Arguments pertinents :
1. Irrecevabilité de la requête : Le juge a constaté que M. A... ne pouvait pas être considéré comme justifiant d'un intérêt direct et certain vis-à-vis des dispositions contestées, citant que "le requérant ne peut être regardé... comme justifiant d'un intérêt direct et certain lui donnant qualité pour demander que leur exécution soit suspendue".
2. Application de l'article L. 522-3 du code de justice administrative : En vertu de cet article, le juge a souligné que la demande pourrait être rejetée sans instruction lorsque les conditions d'urgence ne sont pas remplies ou lorsque la demande est manifestement irrecevable. Ici, la requête a été considérée comme manifestement irrecevable sans lieu à instruction.
Interprétations et citations légales :
L'ordonnance du 22 septembre 2017 a modifié les articles L. 1235-1 et suivants du code du travail, introduisant un plafonnement des indemnités attribuées en cas de licenciement abusif. Cela suscite des questions d'interprétation juridique tant sur le plan national qu'européen.
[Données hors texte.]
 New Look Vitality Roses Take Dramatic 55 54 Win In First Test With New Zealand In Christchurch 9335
1. Article L. 521-1 du code de justice administrative : Cet article évoque la possibilité pour le juge des référés de suspendre une décision administrative lorsque l'urgence et un doute sérieux quant à la légalité de la décision existent. Cependant, dans cette affaire, la condition d'urgence n'a pas été remplie.
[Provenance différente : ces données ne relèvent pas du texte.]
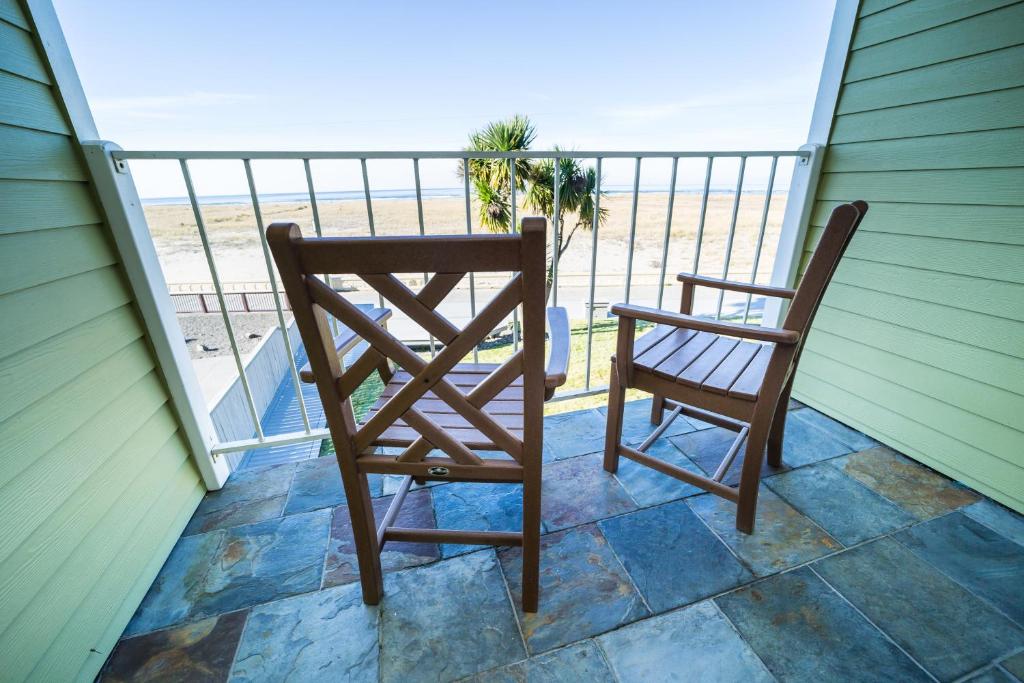 Inn of the Four Winds Seaside Oceanfront photo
2. Article L. 522-3 du code de justice administrative : Cet article permet un rejet rapide d'une requête, démontrant l'importance de la clarté et de la pertinence de l'argumentation juridique. Le juge a affirmé que la requête était "manifestement irrecevable".
3. Droit au recours et protection des travailleurs : Les préoccupations soulevées par M. A...touchent également des considérations de droit européen, telles que la protection contre les licenciements injustifiés, mais sans établir un intérêt personnel justifiant une action légale, cela ne saurait suffire à ouvrir la voie à une décision favorable dans le cadre de cette procédure. La décision mentionne également des implications sur des textes comme la charte sociale européenne et la convention européenne des droits de l'homme, mais sans énoncer directement qu'il existe un lien juridique pertinent dans le contexte de cette requête.
En conclusion, cette décision illustre les contraintes procédurales auxquelles font face les demandes individuelles dans le cadre de la contestation de réformes législatives, soulignant l'importance d'un intérêt direct et certain pour justifier une action devant la justice administrative.